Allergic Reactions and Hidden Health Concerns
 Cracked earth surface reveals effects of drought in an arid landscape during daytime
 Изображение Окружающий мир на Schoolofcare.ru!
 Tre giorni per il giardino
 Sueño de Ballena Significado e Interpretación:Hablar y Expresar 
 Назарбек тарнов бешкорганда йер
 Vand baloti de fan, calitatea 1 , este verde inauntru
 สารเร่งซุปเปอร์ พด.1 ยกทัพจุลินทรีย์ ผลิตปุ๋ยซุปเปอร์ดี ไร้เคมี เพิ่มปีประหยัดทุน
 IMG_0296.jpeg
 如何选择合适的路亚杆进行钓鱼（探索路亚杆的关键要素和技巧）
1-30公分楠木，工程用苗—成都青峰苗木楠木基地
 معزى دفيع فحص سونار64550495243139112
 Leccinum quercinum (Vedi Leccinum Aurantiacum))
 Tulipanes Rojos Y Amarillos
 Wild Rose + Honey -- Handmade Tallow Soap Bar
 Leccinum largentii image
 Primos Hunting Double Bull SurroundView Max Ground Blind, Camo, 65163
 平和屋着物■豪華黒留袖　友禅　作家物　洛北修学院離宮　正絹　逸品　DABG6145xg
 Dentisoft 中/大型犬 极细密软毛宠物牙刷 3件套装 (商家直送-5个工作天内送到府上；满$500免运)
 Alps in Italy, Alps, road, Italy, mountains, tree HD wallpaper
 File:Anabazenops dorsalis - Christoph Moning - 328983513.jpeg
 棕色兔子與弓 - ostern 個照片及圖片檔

_About this exercise_: Write out every entry word for word.

_Answer to the exercise_:
Allergic Reactions and Hidden Health Concerns
 Cracked earth surface reveals effects of drought in an arid landscape during daytime
 Изображение Окружающий мир на Schoolofcare.ru!
 Tre giorni per il giardino
 Sueño de Ballena Significado e Interpretación:Hablar y Expresar 
 Назарбек тарнов бешкорганда йер
 Vand baloti de fan, calitatea 1 , este verde inauntru
 สารเร่งซุปเปอร์ พด.1 ยกทัพจุลินทรีย์ ผลิตปุ๋ยซุปเปอร์ดี ไร้เคมี เพิ่มปีประหยัดทุน
 IMG_0296.jpeg
 如何选择合适的路亚杆进行钓鱼（探索路亚杆的关键要素和技巧）
1-30公分楠木，工程用苗—成都青峰苗木楠木基地
 معزى دفيع فحص سونار64550495243139112
 Leccinum quercinum (Vedi Leccinum Aurantiacum))
 Tulipanes Rojos Y Amarillos
 Wild Rose + Honey -- Handmade Tallow Soap Bar
 Leccinum largentii image
 Primos Hunting Double Bull SurroundView Max Ground Blind, Camo, 65163
 平和屋着物■豪華黒留袖　友禅　作家物　洛北修学院離宮　正絹　逸品　DABG6145xg
 Dentisoft 中/大型犬 极细密软毛宠物牙刷 3件套装 (商家直送-5个工作天内送到府上；满$500免运)
 Alps in Italy, Alps, road, Italy, mountains, tree HD wallpaper
 File:Anabazenops dorsalis - Christoph Moning - 328983513.jpeg
 棕色兔子與弓 - ostern 個照片及圖片檔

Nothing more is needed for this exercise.